As a by-product of studying the predicted performance of quantum computing, Watrous and other researchers have shown how an algorithm little used in today's software could provide a new level of problem-solving performance in traditional computers, one that could match, in theory anyway, speeds obtained by quantum computers.
Their work was published in the latest edition of the Communications of the ACM, the flagship publication of the Association for Computing Machinery.
"One striking implication of this characterization is that it implies quantum computing provides no increase in computational power whatsoever over classical computing in the context of interactive proof systems," the paper notes.

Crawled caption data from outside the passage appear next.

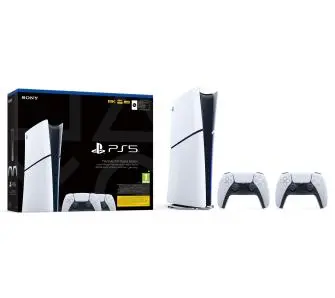 Konsola Sony PlayStation 5 Digital Slim D Chassis (PS5) 1TB + Dodatkowy Pad Biały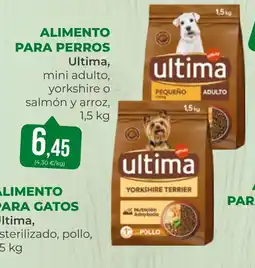 SPAR Gran Canaria ultima alimento para perros mini adulto yorkshire o salmón y arroz oferta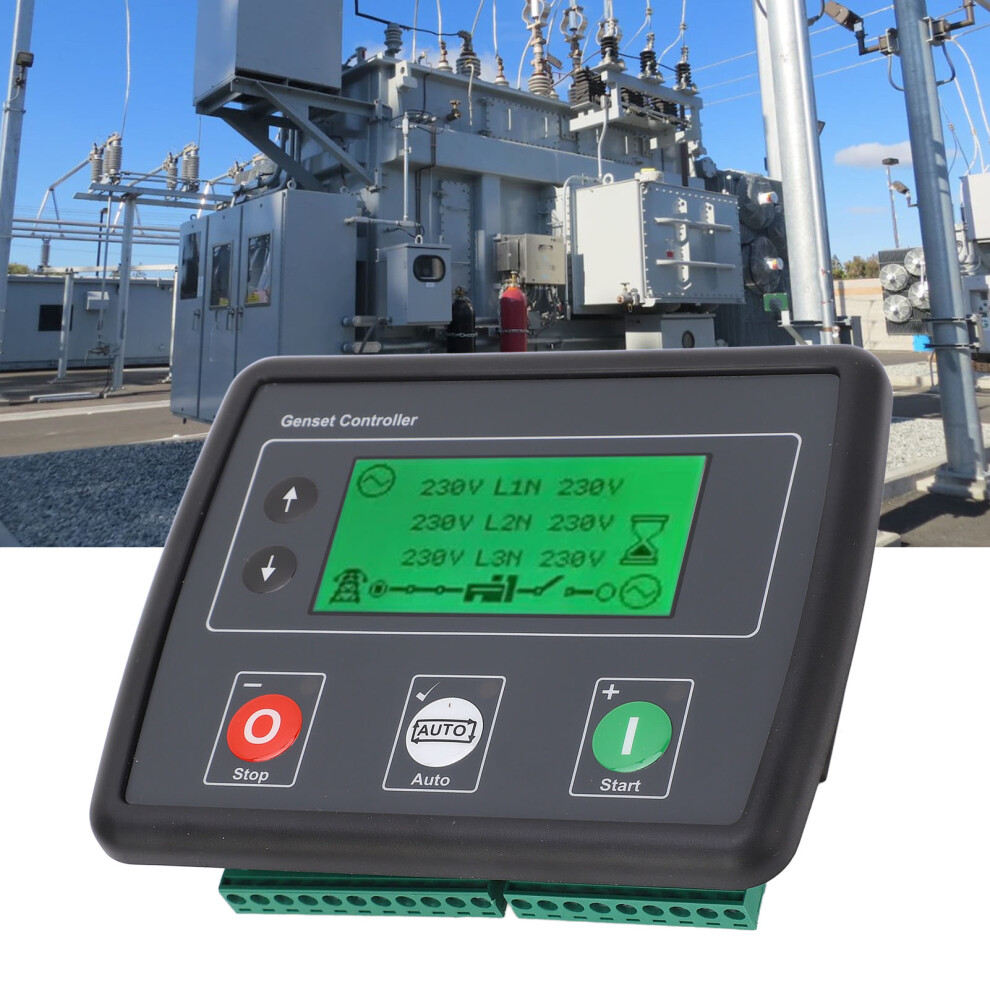 3ph Diesel Generator Controller LCD 600V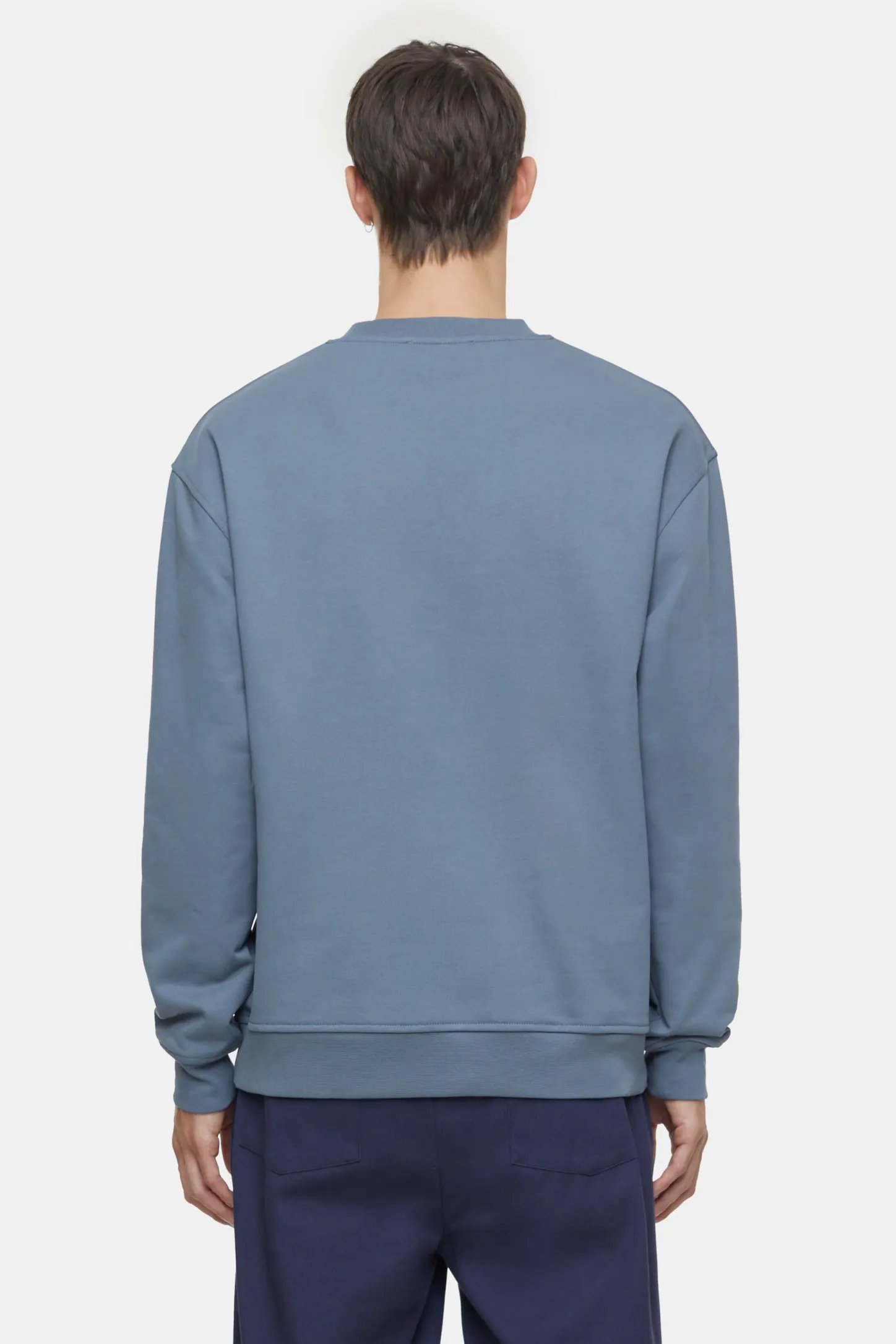 CLOSED Sweatshirts>Sweatshirt Met Ronde Hals Blauw Industrieel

In June, an earlier version of this paper won the Best Paper Award at the esteemed Symposium on Theory of Computing for 2010. The award shows that the work has major implications for the field of computer science, especially given that STOC judges rarely award quantum computing work, noted Scott Aaronson, an associate professor of electrical engineering and computer science at Massachusetts Institute of Technology, who was not involved in the work.

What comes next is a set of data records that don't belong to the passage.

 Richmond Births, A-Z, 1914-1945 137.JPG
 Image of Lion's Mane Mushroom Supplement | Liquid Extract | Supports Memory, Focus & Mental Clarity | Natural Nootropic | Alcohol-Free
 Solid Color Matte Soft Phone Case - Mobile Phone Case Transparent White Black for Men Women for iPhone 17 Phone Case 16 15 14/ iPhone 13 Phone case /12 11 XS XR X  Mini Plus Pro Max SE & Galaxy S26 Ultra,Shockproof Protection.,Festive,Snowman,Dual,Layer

Quantum computing is often touted as the next stage of computer technology, one that could offer large-scale performance improvements after Moore's Law has been exhausted.
Taking advantage of the properties of quantum mechanics, a quantum computer could conceivably offer "exponential parallelism" in the aid of solving problems, Aaronson points out in a commentary accompanying Watrous' paper.

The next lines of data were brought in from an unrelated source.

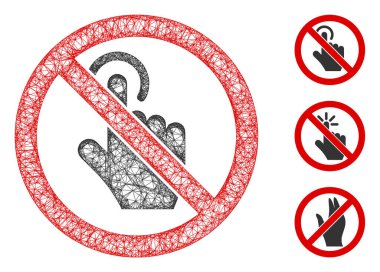 Çokgen Web Vektörü Ağ Çizimi Yok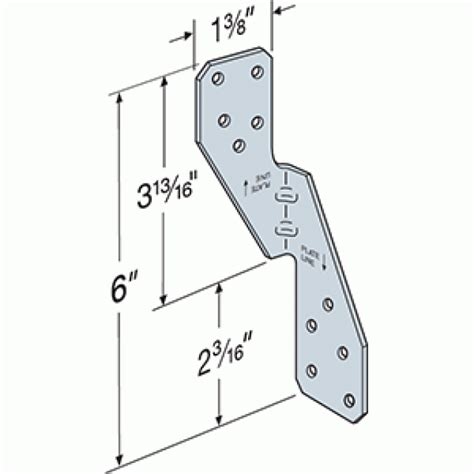 Simpson H25ass Hurricane Tie Stainless Steel Hurricane Ties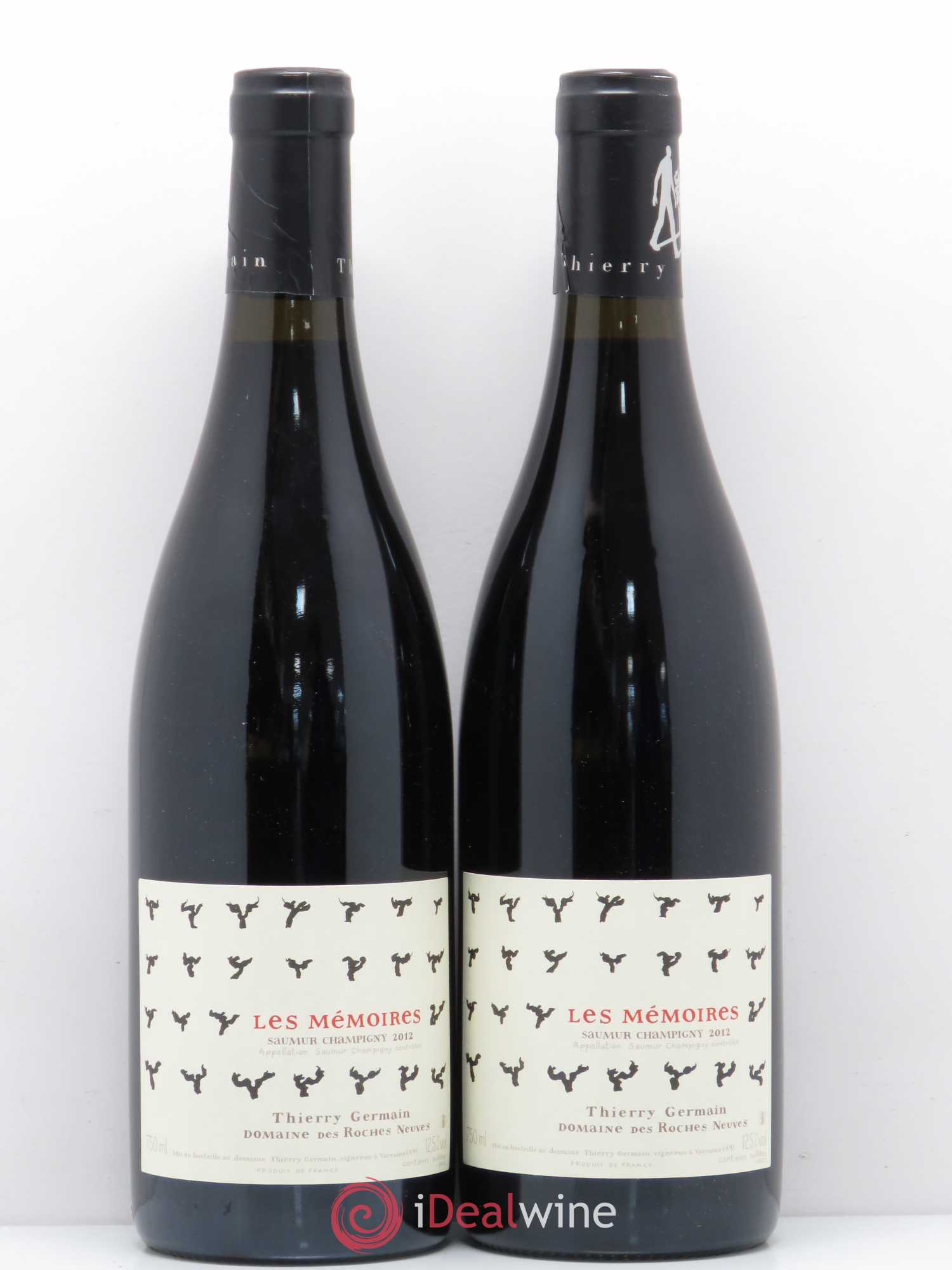 Saumur-Champigny Les Mémoires Domaine des Roches Neuves - Thierry Germain 2012 - Lot de 5 bouteilles - 2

No quantum computers have been built yet, though companies such as IBM are beginning to develop the basic building blocks that could one day make such a computer.
The work of Aaronson and his colleagues seemingly settles a debate over whether or not one group of mathematical problems, called quantum interactive proof systems, are more or less difficult to solve than another set of problems, called classical interactive proof systems.
They are not, the paper asserts. But, due to the fact that these sets of problems are theoretical, the finding itself says little about quantum computing, beyond its ability to solve such abstract problems, Watrous admitted.
In order to set up the study, however, the researchers used an algorithm to evaluate potential speed in classical computation. Called the matrix multiplicative weights update method, it was developed from research in two mathematical fields of study, combinatorial optimization and learning theory.
The algorithm provided a way to solve a problem using parallel processes, the kind easily executable with today's multi-core processors and computer clusters. It provided a way to match the efficiency of quantum computing, for this set of problems.
Surprisingly, this matrix-based method hasn't been applied to parallel computing before, Watrous said.
"It has never been considered to my knowledge in a parallel setting," he said of the method. "We had to show that this method could be parallelized, and we couldn't find any reference to anyone doing that."
Watrous, while stating that he does not work in the commercial field of computer science, speculates that more work could be done in finding and adopting other mathematical algorithms that could speed the computational performance of hardware available today.
"We could try to build quantum computers to solve problems but we could also just design new algorithms to solve problems," he said.
Aaronson said that the algorithm could be used in commercial fields of computing, particularly in the field of semi-definite programming, which looks at ways of solving optimization problems. "These are very common in industrial optimization," he said.
The researchers showed that "for a certain class of semi-definite programs you can get not the exact answer but a very good approximate answer, using a very small amount of memory," he said.